◆ Task statement: Return nothing but the lines from the one with "终极篇最后的羔羊国语未删减版" through the one with "Challenge | Japanese Vintage" in the data below, word for word and without pictures.

◆ Data for processing:
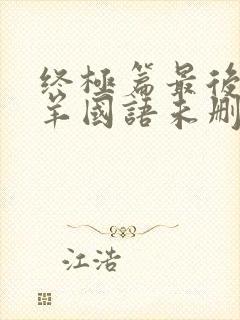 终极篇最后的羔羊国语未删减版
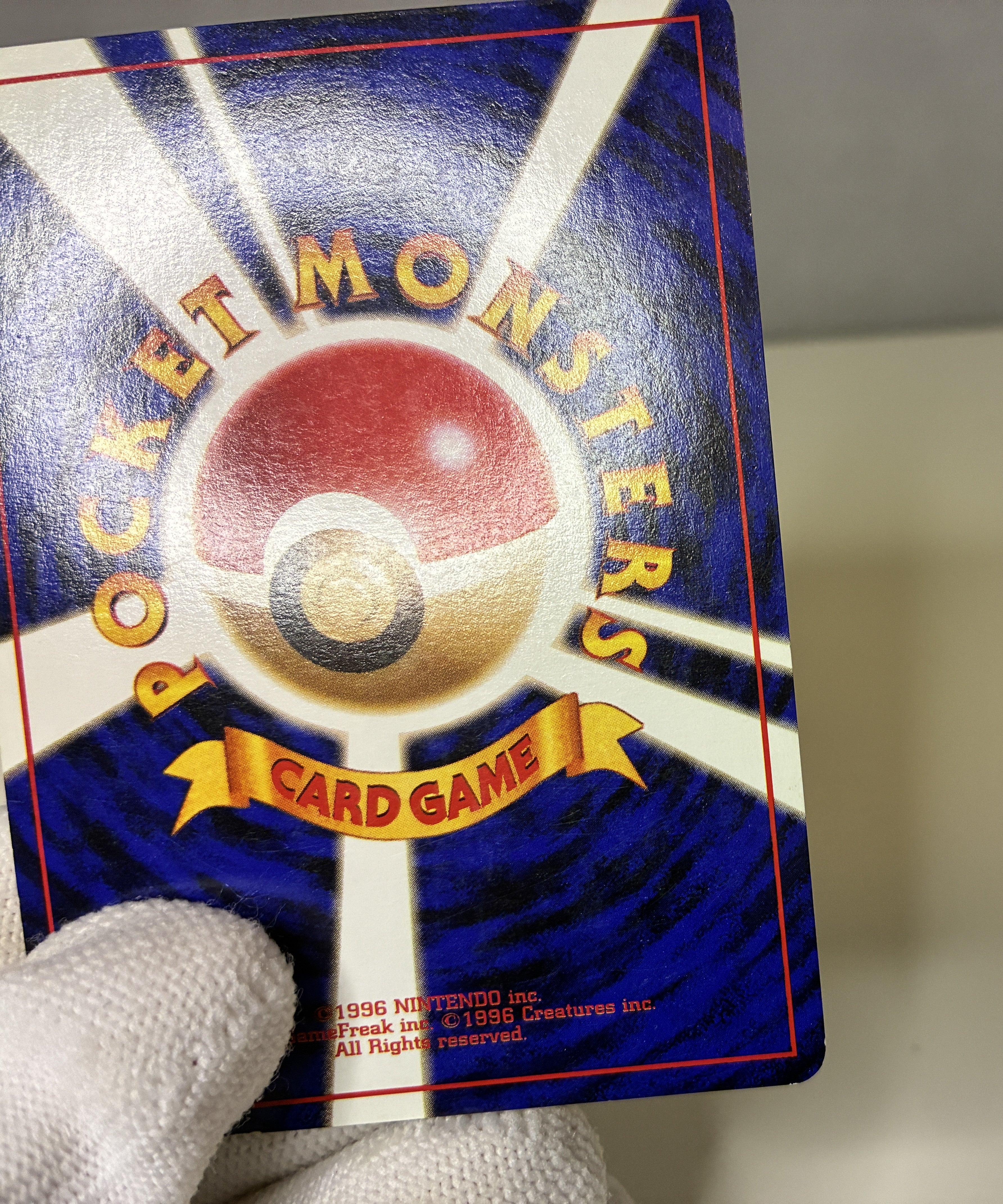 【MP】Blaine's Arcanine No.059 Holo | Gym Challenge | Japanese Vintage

--

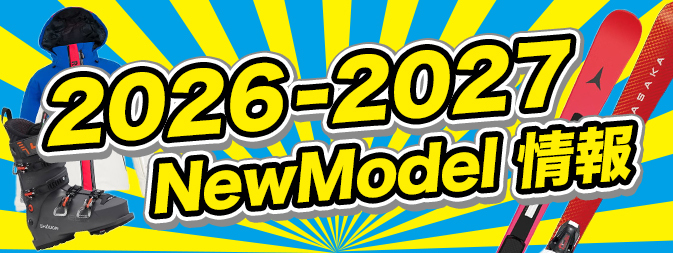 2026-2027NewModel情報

==

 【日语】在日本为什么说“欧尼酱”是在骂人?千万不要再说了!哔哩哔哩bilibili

◆ Exercise output:
 终极篇最后的羔羊国语未删减版
 【MP】Blaine's Arcanine No.059 Holo | Gym Challenge | Japanese Vintage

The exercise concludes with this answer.